=== Information supplied ===

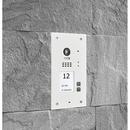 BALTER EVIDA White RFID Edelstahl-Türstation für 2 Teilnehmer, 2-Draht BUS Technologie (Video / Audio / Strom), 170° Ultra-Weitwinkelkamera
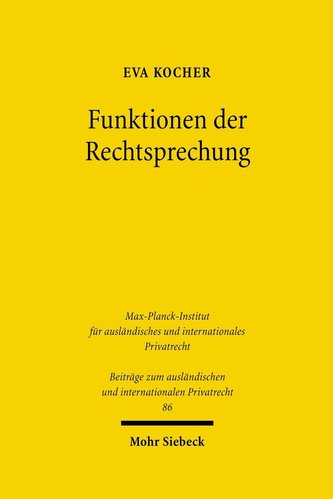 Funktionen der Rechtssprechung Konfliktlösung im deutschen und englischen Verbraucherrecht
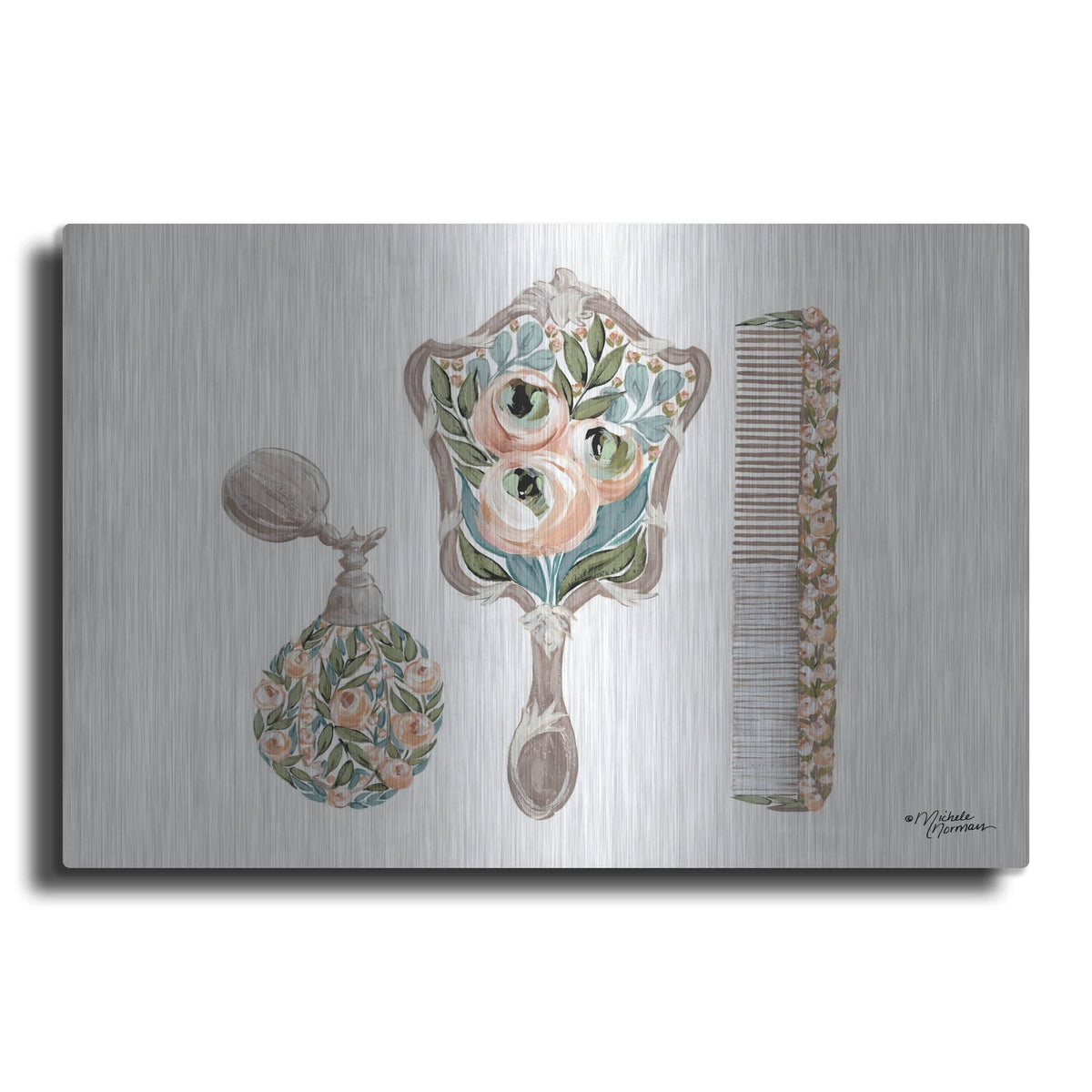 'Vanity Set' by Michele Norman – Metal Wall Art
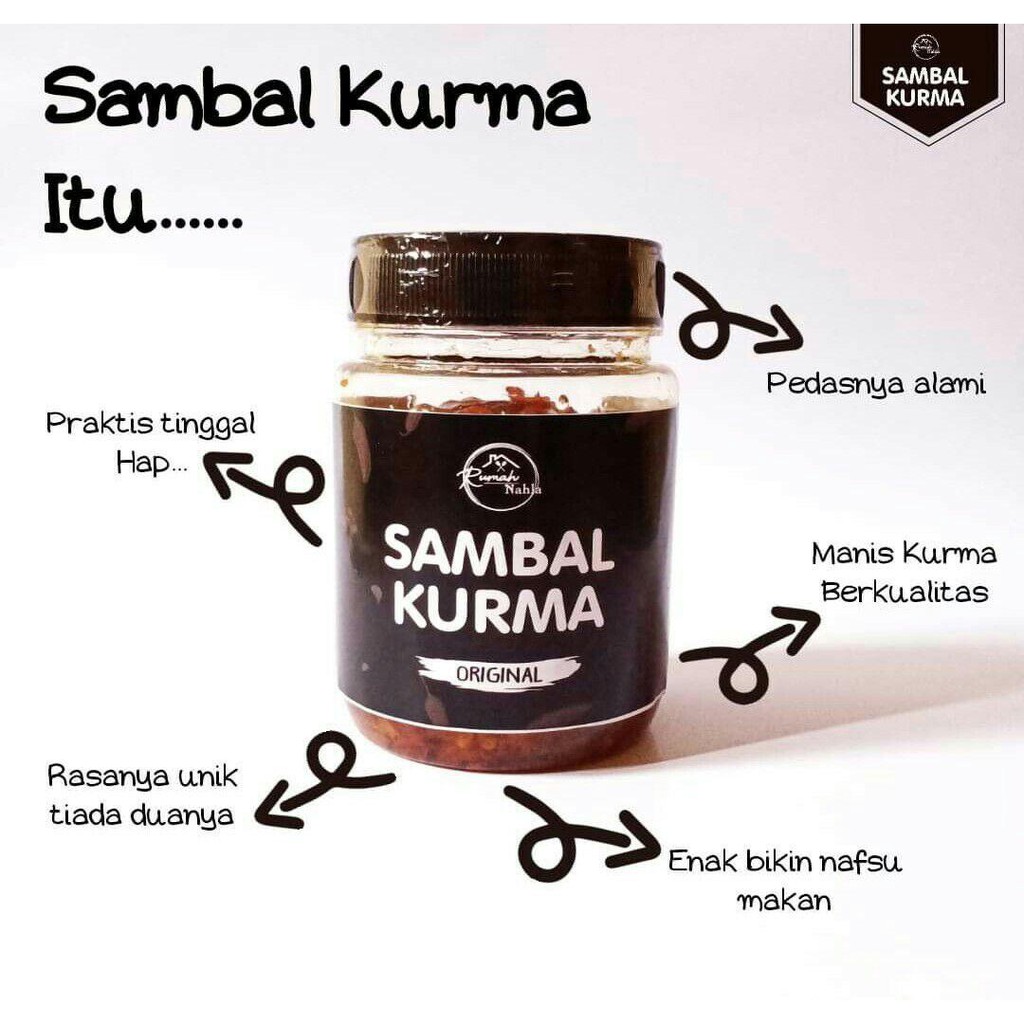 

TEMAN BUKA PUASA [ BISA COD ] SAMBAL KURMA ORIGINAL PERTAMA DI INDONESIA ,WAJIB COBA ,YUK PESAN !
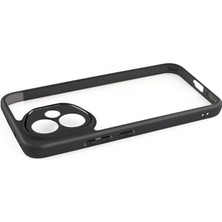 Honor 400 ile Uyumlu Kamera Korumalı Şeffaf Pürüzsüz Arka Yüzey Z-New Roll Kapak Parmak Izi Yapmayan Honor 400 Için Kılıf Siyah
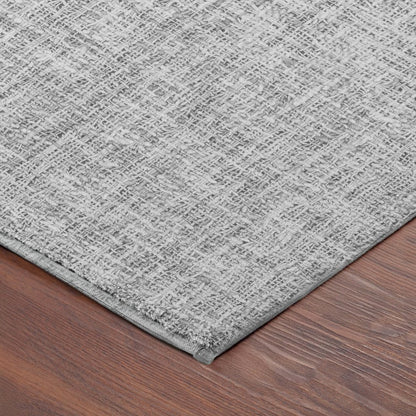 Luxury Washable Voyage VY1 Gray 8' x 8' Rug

===

### Task to complete
Your task is to restate word for word the lines from the one containing "TEMAN BUKA PUASA" through the last line of the data, both ends included, with no pictures.

### Written answer
TEMAN BUKA PUASA [ BISA COD ] SAMBAL KURMA ORIGINAL PERTAMA DI INDONESIA ,WAJIB COBA ,YUK PESAN !
 Honor 400 ile Uyumlu Kamera Korumalı Şeffaf Pürüzsüz Arka Yüzey Z-New Roll Kapak Parmak Izi Yapmayan Honor 400 Için Kılıf Siyah
 Luxury Washable Voyage VY1 Gray 8' x 8' Rug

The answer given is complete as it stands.